» **WORK INSTRUCTIONS**
Using the entries below, copy exactly each line from the line with "Az ajtó felett" up to and including the line with "Pennsville, NJ 08070,13 MUSKET LN", with every picture left out.

» **INFORMATION PROVIDED**
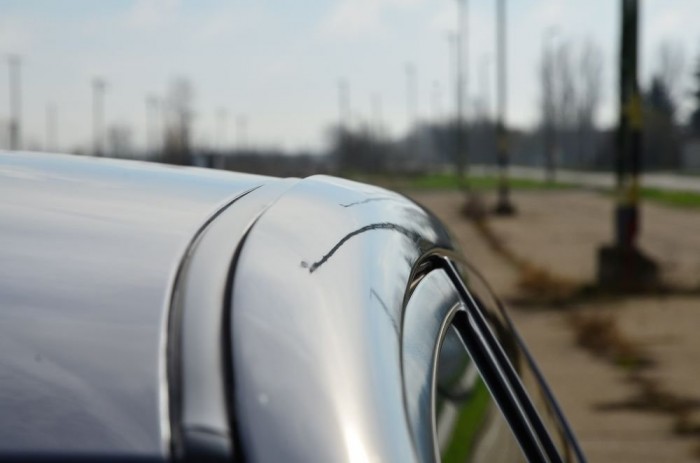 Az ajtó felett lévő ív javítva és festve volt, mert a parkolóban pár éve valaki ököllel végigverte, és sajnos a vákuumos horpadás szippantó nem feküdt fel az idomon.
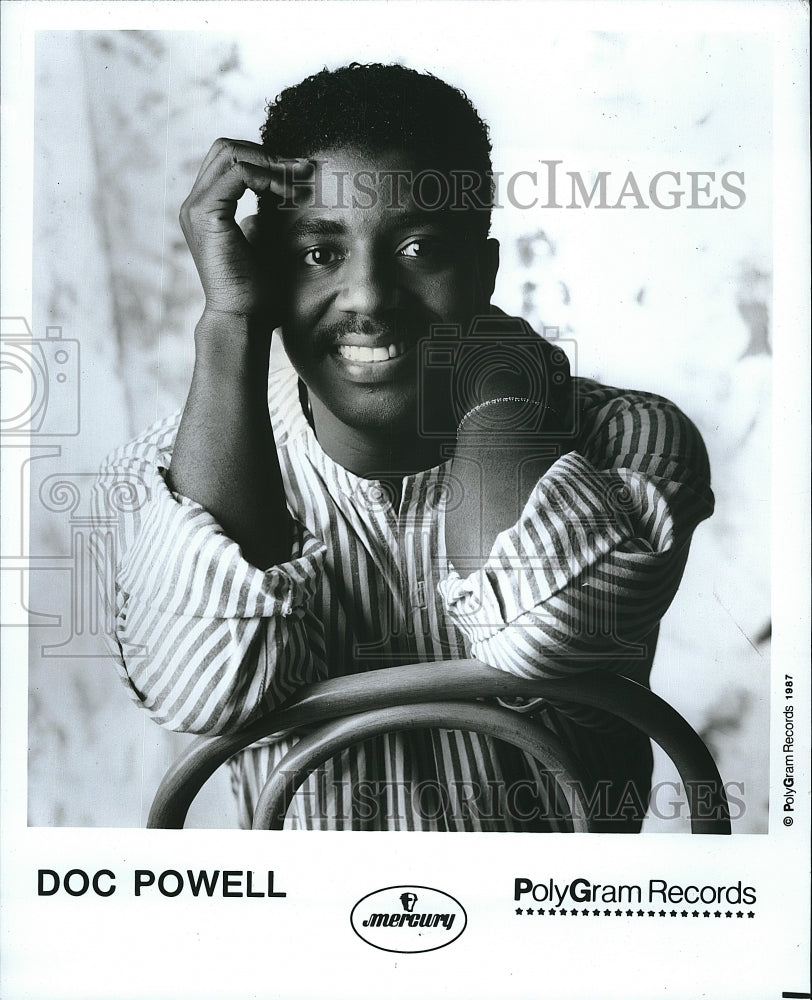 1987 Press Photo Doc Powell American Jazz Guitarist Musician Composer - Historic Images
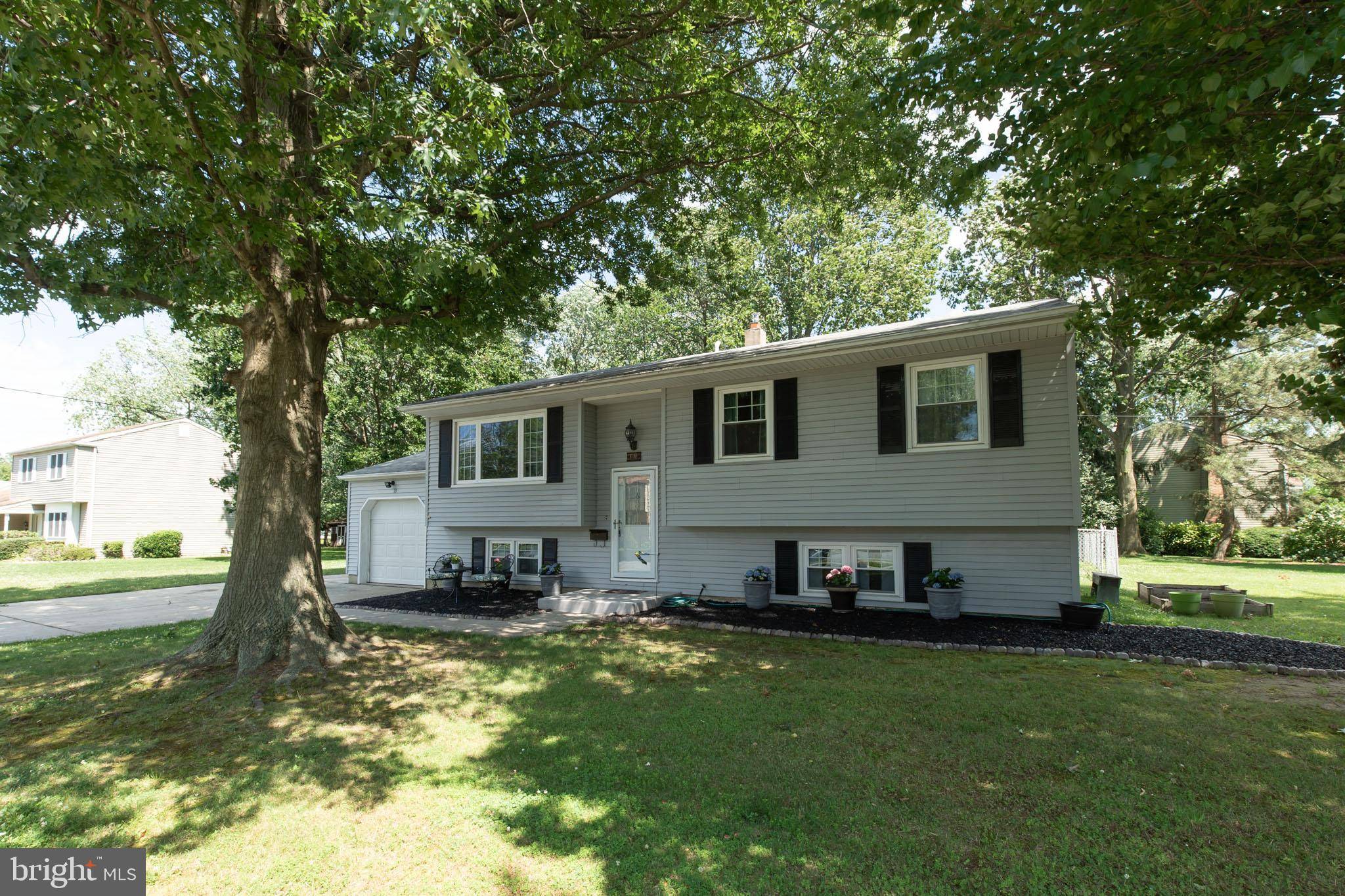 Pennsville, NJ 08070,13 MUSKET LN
* * *
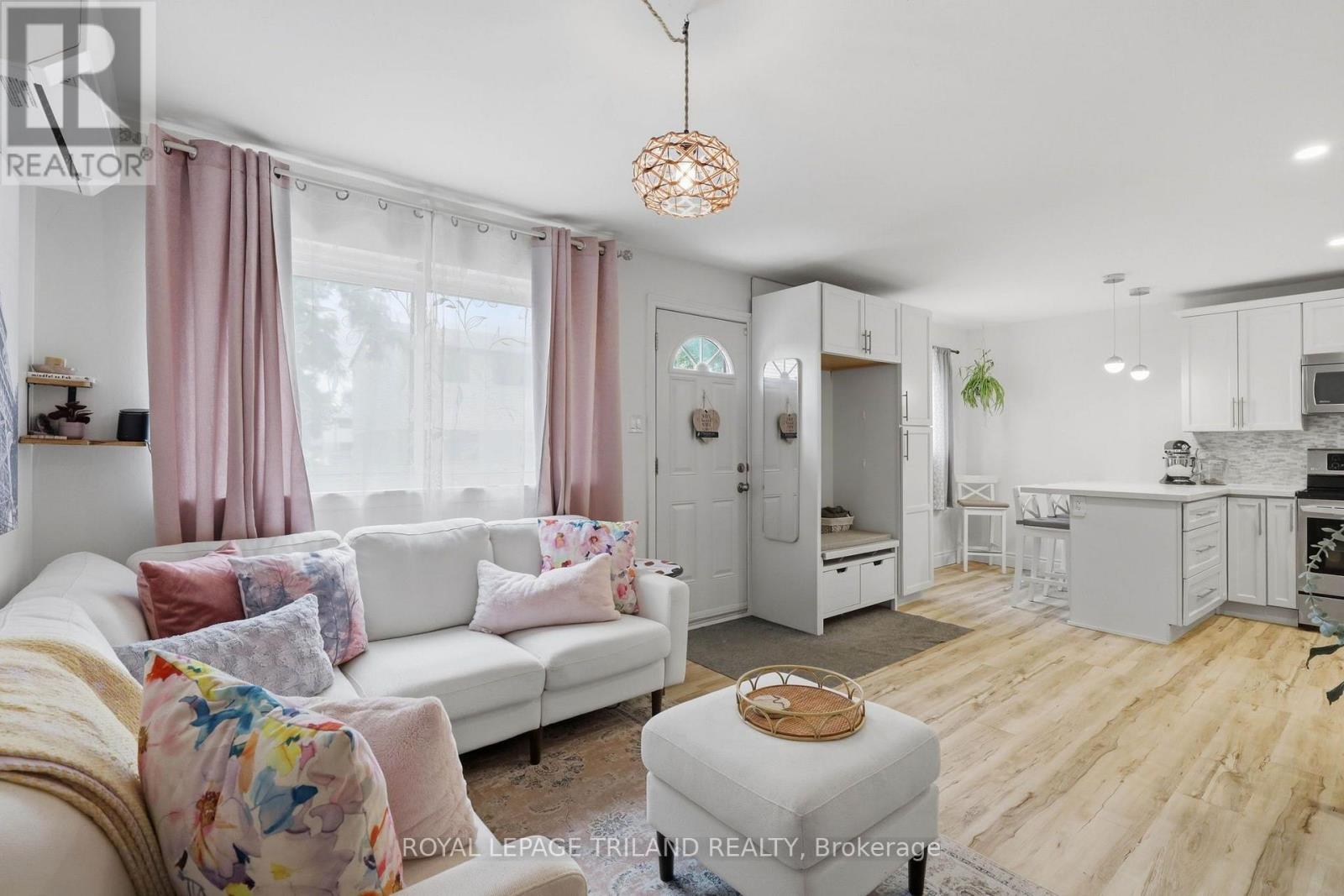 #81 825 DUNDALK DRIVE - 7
--
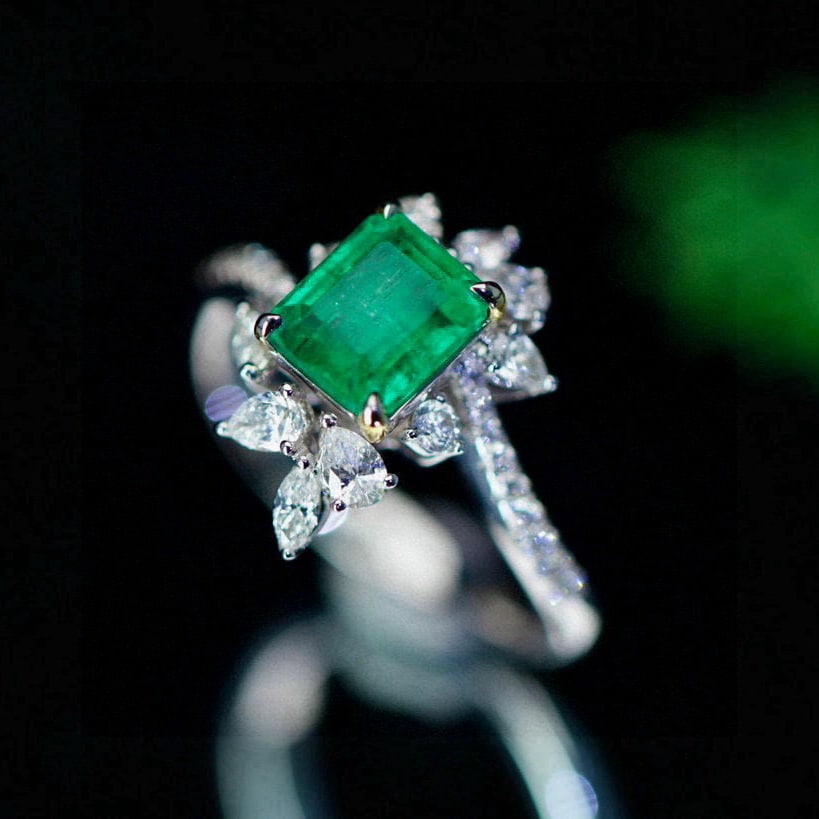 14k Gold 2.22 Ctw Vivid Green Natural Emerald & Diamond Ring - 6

» **EXPECTED OUTPUT**
 Az ajtó felett lévő ív javítva és festve volt, mert a parkolóban pár éve valaki ököllel végigverte, és sajnos a vákuumos horpadás szippantó nem feküdt fel az idomon.
 1987 Press Photo Doc Powell American Jazz Guitarist Musician Composer - Historic Images
 Pennsville, NJ 08070,13 MUSKET LN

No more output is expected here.